[Source data]
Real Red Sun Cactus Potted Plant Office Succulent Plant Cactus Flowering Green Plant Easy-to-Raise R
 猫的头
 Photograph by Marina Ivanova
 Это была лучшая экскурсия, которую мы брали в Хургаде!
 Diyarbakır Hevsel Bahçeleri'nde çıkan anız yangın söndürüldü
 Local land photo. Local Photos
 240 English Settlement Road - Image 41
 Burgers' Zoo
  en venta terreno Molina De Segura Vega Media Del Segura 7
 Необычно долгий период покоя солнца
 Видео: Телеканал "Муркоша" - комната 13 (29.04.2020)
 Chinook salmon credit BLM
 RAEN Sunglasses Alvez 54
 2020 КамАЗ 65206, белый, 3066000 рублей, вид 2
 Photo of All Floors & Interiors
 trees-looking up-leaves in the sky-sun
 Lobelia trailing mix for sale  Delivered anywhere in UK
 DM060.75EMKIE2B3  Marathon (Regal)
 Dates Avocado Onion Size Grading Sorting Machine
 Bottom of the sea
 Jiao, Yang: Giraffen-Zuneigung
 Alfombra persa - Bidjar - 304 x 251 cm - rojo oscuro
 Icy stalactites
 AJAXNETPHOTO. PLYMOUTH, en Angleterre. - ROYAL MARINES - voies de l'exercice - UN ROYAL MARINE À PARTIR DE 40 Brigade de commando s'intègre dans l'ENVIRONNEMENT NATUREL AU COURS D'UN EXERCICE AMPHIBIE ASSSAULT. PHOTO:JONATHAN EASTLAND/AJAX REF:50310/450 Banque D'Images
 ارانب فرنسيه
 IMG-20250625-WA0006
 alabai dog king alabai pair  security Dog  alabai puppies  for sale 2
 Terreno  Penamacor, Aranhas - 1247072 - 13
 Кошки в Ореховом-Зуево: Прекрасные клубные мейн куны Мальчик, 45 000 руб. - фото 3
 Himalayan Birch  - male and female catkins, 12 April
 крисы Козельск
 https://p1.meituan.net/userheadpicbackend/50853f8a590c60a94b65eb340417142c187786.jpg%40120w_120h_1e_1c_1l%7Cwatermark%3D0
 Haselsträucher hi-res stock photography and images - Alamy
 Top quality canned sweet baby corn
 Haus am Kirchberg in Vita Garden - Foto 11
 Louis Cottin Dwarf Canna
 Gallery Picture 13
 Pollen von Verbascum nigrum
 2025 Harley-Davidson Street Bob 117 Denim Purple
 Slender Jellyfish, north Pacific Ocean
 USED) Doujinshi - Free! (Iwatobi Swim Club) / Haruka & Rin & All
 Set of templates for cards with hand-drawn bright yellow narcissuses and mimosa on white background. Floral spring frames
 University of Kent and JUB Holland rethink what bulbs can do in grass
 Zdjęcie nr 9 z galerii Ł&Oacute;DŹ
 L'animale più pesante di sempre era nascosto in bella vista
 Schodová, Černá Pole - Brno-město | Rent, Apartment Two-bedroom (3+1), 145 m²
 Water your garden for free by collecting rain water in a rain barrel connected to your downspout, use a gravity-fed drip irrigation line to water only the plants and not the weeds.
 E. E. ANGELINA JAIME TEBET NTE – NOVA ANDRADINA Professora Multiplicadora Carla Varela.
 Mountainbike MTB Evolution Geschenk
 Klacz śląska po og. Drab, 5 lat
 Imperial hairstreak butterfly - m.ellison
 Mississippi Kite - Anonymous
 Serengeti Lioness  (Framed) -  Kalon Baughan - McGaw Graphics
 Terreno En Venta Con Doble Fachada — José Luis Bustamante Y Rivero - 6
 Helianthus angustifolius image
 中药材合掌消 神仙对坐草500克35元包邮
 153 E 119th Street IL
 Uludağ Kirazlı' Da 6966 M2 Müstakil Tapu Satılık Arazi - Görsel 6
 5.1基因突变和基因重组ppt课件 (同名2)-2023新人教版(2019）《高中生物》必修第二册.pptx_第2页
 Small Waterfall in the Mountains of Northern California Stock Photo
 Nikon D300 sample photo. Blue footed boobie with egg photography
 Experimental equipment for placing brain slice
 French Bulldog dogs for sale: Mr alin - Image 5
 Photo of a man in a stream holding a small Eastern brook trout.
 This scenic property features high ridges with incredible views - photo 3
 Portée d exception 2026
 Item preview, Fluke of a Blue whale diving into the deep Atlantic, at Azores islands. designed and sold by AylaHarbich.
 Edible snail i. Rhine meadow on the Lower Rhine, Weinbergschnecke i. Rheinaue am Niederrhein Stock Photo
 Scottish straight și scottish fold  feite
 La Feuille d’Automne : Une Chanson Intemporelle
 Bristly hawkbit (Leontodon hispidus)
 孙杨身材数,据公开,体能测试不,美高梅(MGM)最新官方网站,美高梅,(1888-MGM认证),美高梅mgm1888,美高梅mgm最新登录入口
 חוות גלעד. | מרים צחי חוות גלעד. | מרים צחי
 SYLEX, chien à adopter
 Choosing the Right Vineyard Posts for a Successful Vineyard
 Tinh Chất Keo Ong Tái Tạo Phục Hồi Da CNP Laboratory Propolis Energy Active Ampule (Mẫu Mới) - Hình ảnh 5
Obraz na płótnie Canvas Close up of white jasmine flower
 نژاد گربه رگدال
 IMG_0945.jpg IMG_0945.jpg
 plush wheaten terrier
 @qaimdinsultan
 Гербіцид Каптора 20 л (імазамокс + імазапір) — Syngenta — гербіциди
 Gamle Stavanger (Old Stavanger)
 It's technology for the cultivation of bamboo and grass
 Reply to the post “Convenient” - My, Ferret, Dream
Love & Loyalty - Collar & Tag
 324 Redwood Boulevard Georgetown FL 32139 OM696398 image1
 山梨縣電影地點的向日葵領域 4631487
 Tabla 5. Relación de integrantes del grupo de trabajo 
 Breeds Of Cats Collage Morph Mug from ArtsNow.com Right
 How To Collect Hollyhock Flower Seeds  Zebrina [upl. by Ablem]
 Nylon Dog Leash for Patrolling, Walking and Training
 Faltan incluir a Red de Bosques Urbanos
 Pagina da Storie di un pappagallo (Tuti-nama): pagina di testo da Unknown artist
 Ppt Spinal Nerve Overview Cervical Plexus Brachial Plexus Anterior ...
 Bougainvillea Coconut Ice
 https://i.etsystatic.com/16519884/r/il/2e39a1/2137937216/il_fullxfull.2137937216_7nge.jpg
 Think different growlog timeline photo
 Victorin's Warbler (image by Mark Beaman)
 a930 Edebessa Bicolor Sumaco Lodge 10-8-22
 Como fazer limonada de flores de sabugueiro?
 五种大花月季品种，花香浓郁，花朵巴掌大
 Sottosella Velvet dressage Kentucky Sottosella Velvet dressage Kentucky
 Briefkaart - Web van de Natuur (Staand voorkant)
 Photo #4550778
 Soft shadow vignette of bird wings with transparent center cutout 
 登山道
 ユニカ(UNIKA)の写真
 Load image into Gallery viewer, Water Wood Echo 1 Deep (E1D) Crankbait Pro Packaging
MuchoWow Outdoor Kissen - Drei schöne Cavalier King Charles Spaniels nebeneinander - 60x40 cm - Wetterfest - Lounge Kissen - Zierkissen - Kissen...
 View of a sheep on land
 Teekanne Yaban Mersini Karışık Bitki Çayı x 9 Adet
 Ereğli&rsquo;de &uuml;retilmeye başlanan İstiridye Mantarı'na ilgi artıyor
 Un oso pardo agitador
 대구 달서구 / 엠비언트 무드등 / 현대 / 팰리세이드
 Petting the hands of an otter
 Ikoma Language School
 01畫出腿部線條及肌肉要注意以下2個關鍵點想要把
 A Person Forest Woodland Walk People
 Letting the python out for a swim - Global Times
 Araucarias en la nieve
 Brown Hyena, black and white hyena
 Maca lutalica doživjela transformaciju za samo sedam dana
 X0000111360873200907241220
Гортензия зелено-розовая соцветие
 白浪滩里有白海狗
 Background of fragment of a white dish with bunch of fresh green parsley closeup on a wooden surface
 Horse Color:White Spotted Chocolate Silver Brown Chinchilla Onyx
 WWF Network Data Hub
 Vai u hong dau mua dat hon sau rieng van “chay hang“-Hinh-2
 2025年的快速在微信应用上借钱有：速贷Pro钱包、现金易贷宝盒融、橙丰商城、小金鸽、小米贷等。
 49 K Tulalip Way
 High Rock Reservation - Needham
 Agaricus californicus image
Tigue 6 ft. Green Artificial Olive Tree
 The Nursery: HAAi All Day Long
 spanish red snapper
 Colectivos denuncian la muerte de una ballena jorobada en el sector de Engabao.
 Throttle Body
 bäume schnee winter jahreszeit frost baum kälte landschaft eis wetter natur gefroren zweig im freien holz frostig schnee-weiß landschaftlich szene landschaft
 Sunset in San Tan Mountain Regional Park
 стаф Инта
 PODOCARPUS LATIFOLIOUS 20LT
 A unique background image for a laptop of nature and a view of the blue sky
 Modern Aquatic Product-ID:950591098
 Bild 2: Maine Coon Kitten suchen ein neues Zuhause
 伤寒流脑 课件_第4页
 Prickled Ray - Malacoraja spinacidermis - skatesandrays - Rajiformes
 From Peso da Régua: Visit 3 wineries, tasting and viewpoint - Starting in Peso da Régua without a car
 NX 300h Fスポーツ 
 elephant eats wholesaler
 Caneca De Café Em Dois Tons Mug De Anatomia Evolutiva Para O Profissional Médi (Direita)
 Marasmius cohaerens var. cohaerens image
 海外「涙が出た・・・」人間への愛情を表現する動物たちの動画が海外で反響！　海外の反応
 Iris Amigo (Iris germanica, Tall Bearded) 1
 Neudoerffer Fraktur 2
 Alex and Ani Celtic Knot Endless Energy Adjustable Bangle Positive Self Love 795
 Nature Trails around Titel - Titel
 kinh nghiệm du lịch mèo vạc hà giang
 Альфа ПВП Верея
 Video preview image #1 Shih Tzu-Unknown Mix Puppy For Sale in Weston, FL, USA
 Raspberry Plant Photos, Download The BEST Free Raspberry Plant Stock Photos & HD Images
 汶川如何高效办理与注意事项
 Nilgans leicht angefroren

● **Task prompt**
Where the word "Street" appears in a line of the entries, copy that line.

● **Written answer**
 2025 Harley-Davidson Street Bob 117 Denim Purple
 153 E 119th Street IL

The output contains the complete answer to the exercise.